Sourcing and diligence of opportunities used to be based on a blend of analytical + subjectivity. In the movie, Moneyball, three baseball talent scouts describe a potential baseball player, which offers a classical insight in how management diligence is conducted. The scouts, while picking baseball players speak of intangibles such as eye candy test, attitude, swing, ugly girlfriends and lack of confidence. Then there is one scout who describes his pick as a “the kinda guy who walks in the room and his dick has already been there for two minutes..” Subjectivity in conducting diligence can often be crippling. Yet it is often the case in baseball as well as in venture capital. The attributes of strong management teams, or the proverbial jockey, are difficult to assess and often, practitioners have a short window of time to say “yes” to a hot deal. But technology and data can help minimize our biases. Some interesting “big data meets social media” techniques of sourcing opportunities have started to emerge:
- YL Ventures has hired a firm to track over a million entrepreneurs in Israel. Their gambit is to catch these opportunities even before they are formed. They look for social signals and generate over 100 alerts a month. See WSJ story here.
- SignalFire, a $53 million “quant” seed fund took six years to build a platform, Beacon, which tracks talent and capital. They look at more than half a trillion data points from two million data sources, from patents to academics publications to open source contributions to financial filings. More in the WSJ story here.
While such innovations in sourcing, services, brand & marketing has occurred, the results are always uncertain. I believe much exponential innovation in VC has come from outsiders like Naval, PG and CSC. All of them follow the mantra for seed stage investments which is:
“The information required to make decisive investments in disruptive technology simply does not exist…It needs to be created through fast, inexpensive and flexible forays into the market” – Clayton Christensen, The Innovator’s Dilemma
Paul Graham (“PG”) is not a VC but has done fast, inexpensive and flexible forays into the startup land. We can debate if YC is a fund or an accelerator, but does it matter? They invest in cool companies and generate returns – in 2015, they will invest in 1000th portfolio company. 10 years later, 700 YC companies are active. That’s better odds than VC. And they just raised a $700m fund.

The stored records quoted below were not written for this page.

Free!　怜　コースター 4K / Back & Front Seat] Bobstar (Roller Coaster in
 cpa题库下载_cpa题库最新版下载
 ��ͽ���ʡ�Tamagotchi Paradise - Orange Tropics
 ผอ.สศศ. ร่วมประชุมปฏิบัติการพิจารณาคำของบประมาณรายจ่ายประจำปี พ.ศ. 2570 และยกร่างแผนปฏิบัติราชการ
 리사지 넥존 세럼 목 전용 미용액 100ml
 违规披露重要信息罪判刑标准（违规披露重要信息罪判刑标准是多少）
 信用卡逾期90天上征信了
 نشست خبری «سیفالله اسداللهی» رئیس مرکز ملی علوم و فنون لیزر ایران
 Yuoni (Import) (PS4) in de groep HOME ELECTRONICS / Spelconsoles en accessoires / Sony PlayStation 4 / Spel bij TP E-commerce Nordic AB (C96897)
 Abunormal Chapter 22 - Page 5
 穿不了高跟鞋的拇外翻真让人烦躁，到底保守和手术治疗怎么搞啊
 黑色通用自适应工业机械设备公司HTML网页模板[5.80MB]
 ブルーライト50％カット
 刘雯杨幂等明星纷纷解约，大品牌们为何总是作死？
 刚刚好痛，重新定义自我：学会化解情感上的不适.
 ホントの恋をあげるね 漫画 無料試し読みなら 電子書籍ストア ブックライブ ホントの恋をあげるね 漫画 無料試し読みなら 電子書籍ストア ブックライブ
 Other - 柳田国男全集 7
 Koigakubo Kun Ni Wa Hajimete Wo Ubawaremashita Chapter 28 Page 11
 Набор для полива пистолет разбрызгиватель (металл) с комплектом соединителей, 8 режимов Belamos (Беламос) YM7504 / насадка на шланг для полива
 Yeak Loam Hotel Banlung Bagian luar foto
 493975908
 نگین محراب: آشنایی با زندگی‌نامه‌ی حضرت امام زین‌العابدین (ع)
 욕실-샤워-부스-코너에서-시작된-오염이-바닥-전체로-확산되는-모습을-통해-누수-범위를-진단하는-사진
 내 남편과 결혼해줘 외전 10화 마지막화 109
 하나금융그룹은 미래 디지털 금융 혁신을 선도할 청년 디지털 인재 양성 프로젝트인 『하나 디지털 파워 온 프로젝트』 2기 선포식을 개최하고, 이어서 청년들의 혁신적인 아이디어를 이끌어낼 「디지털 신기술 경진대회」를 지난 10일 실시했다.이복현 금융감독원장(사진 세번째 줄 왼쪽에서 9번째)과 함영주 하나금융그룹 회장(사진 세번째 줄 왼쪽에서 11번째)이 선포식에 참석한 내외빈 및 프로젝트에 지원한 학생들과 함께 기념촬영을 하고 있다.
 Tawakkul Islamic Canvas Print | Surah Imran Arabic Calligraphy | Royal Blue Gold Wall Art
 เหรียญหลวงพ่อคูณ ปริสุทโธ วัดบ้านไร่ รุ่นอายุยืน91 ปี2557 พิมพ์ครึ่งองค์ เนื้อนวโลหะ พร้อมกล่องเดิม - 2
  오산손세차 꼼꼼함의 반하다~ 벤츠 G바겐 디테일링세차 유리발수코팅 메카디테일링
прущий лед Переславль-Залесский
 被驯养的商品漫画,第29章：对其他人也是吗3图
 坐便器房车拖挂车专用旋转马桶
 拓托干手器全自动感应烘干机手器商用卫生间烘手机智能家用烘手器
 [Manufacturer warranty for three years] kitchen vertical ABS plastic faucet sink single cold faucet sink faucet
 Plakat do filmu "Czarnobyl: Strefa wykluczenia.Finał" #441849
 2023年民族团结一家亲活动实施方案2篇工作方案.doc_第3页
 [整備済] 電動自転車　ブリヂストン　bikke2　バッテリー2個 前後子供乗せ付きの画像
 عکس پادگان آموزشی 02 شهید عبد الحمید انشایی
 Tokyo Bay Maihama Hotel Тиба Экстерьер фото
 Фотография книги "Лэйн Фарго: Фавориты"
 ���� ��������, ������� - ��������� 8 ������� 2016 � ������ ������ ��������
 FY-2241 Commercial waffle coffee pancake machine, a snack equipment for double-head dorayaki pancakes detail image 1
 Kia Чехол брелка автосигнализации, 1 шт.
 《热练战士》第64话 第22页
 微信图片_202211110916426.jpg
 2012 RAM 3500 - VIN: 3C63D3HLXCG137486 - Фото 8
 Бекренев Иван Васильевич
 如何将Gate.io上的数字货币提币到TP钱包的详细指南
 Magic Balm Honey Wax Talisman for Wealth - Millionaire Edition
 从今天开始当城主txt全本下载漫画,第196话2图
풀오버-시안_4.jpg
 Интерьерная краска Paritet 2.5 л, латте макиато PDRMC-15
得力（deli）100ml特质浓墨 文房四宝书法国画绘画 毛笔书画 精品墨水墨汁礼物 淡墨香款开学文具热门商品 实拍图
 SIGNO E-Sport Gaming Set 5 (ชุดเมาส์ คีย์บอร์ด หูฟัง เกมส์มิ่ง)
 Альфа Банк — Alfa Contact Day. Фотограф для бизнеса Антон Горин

Naval, the bird, was an entrepreneur – he launched AngeLlist to reduce opacity for other entrepreneurs. China’s CSC Group has pledged $400 million to launch CSC Upshot Fund – the largest seed fund for startups on this platform. USA has some of the largest, most sophisticated LPs managing trillions of dollars. Yet no one saw the light that AngelList can be the platform for VCs.
The accelerator boom ignited the path, angel.co created the platform and CSC committed $400m. As the story goes, it could have been more than $400m, but Naval wanted to start slow. But can AngelList become like Blackrock ? That’s my moonshot prediction #5, as it has the potential. At Blackrock, 1000+ investment teams deploy capital in public markets. Fundraising teams are separated from investment teams. And risk is managed in a centralized manner. In a period of 25 years, it has become the world’s largest asset manager, managing $4.5 Trillion in assets.
With the ability to improve transparency / data, trades / liquidity, the VC model is being disrupted. I dont know what it will look like in 20 years. But when Model T arrives, people seldom care for a better horse-buggy.